"""
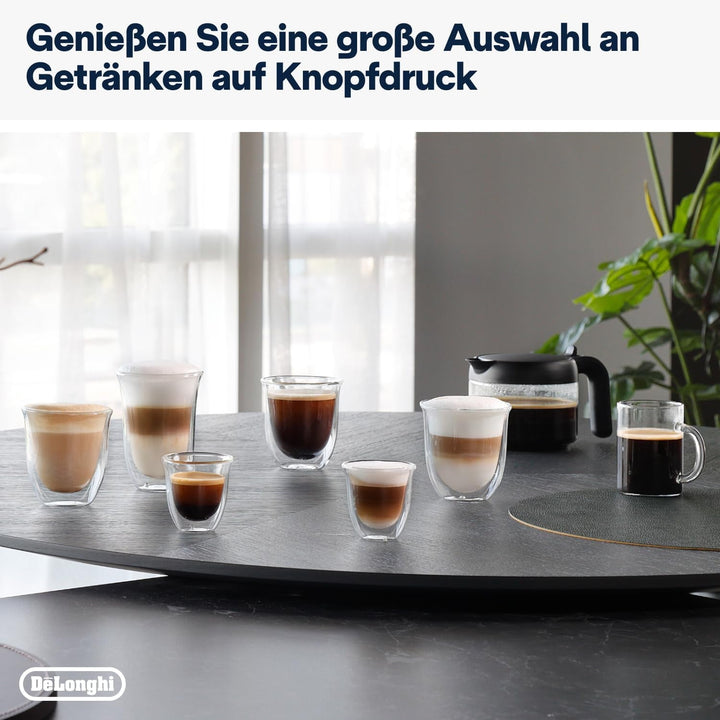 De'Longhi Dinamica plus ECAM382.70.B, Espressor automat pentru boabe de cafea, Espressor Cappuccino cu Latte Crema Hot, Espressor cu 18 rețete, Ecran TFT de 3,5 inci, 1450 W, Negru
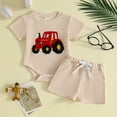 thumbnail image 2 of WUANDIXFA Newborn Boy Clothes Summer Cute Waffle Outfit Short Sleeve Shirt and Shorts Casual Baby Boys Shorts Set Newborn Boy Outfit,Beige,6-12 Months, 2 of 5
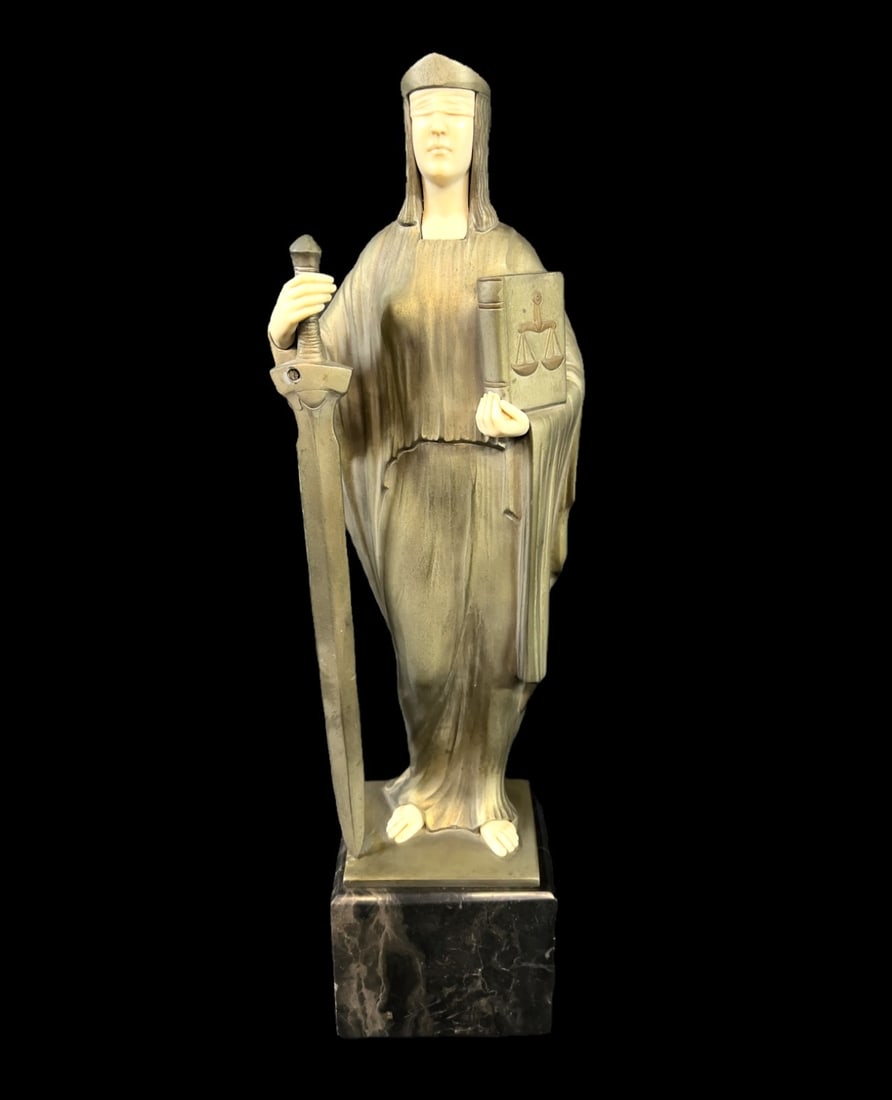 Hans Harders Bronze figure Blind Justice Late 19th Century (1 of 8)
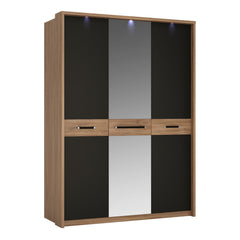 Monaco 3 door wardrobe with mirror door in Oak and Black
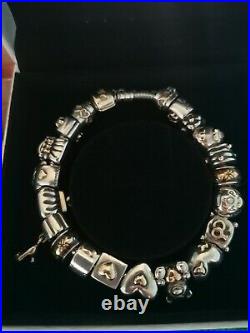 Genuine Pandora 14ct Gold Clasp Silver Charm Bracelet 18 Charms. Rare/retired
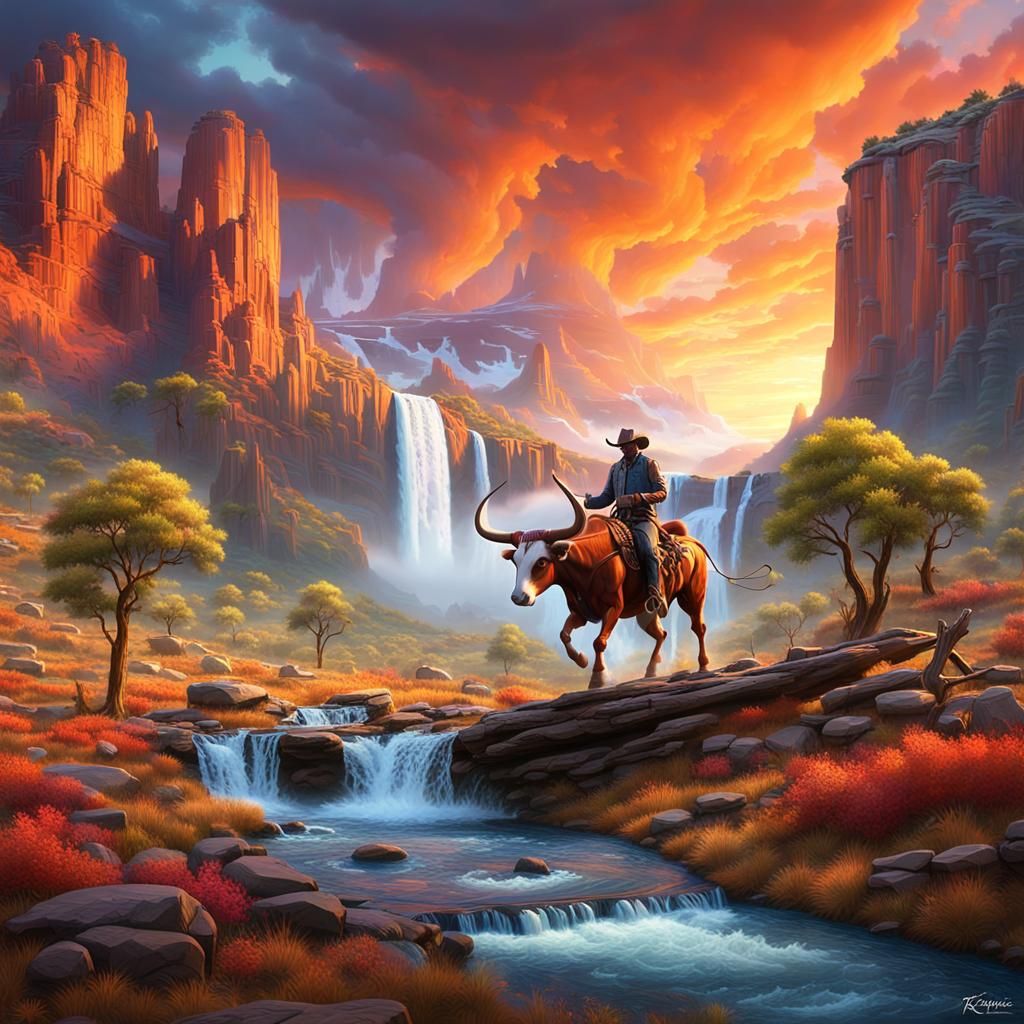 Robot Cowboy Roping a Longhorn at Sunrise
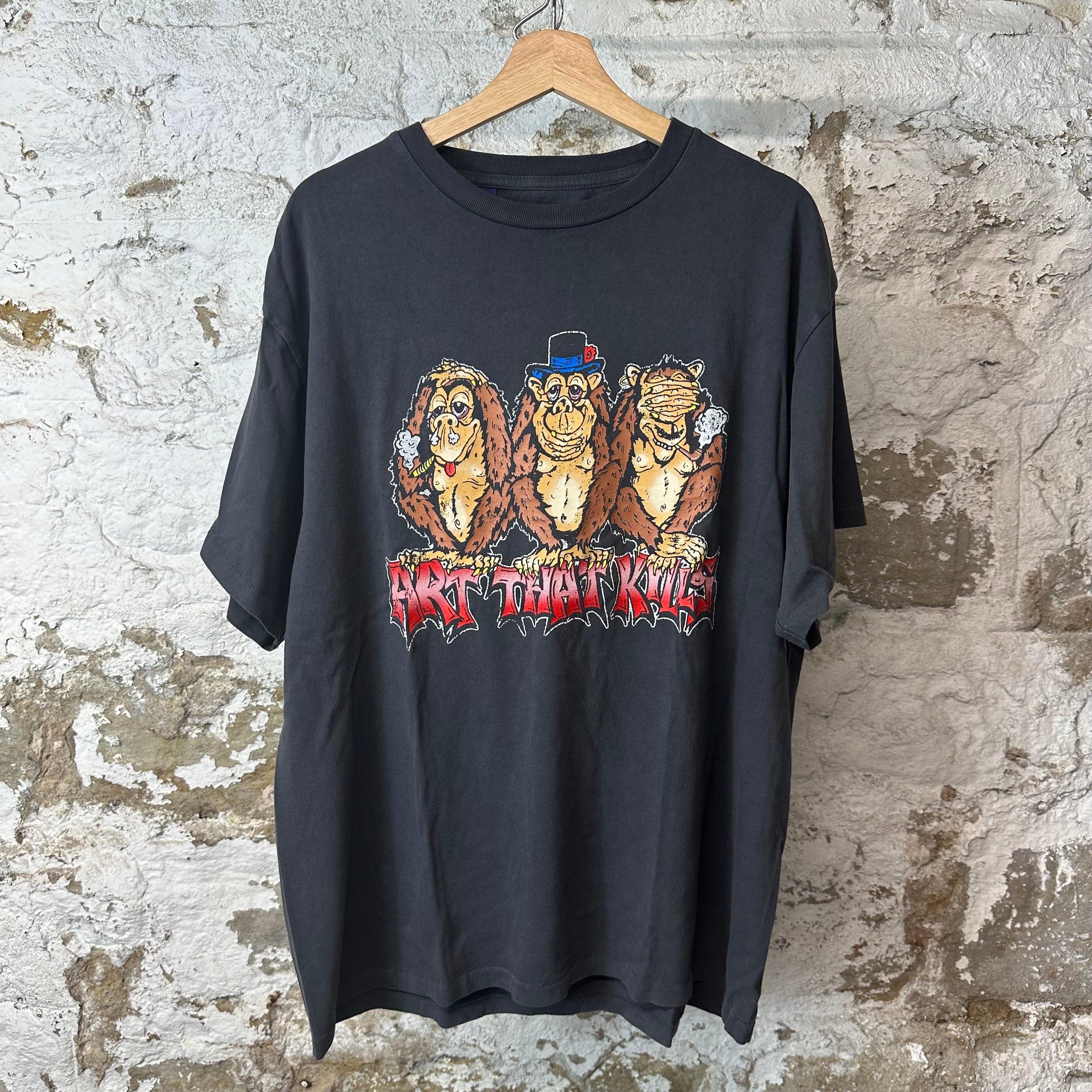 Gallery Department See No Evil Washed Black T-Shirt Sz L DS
"""
* TRY IT
For this answer, retype the lines from the start of the listing through the line that holds "Monaco 3 door", inclusive, exactly and without pictures.

* WRITTEN ANSWER
 De'Longhi Dinamica plus ECAM382.70.B, Espressor automat pentru boabe de cafea, Espressor Cappuccino cu Latte Crema Hot, Espressor cu 18 rețete, Ecran TFT de 3,5 inci, 1450 W, Negru
 thumbnail image 2 of WUANDIXFA Newborn Boy Clothes Summer Cute Waffle Outfit Short Sleeve Shirt and Shorts Casual Baby Boys Shorts Set Newborn Boy Outfit,Beige,6-12 Months, 2 of 5
 Hans Harders Bronze figure Blind Justice Late 19th Century (1 of 8)
 Monaco 3 door wardrobe with mirror door in Oak and Black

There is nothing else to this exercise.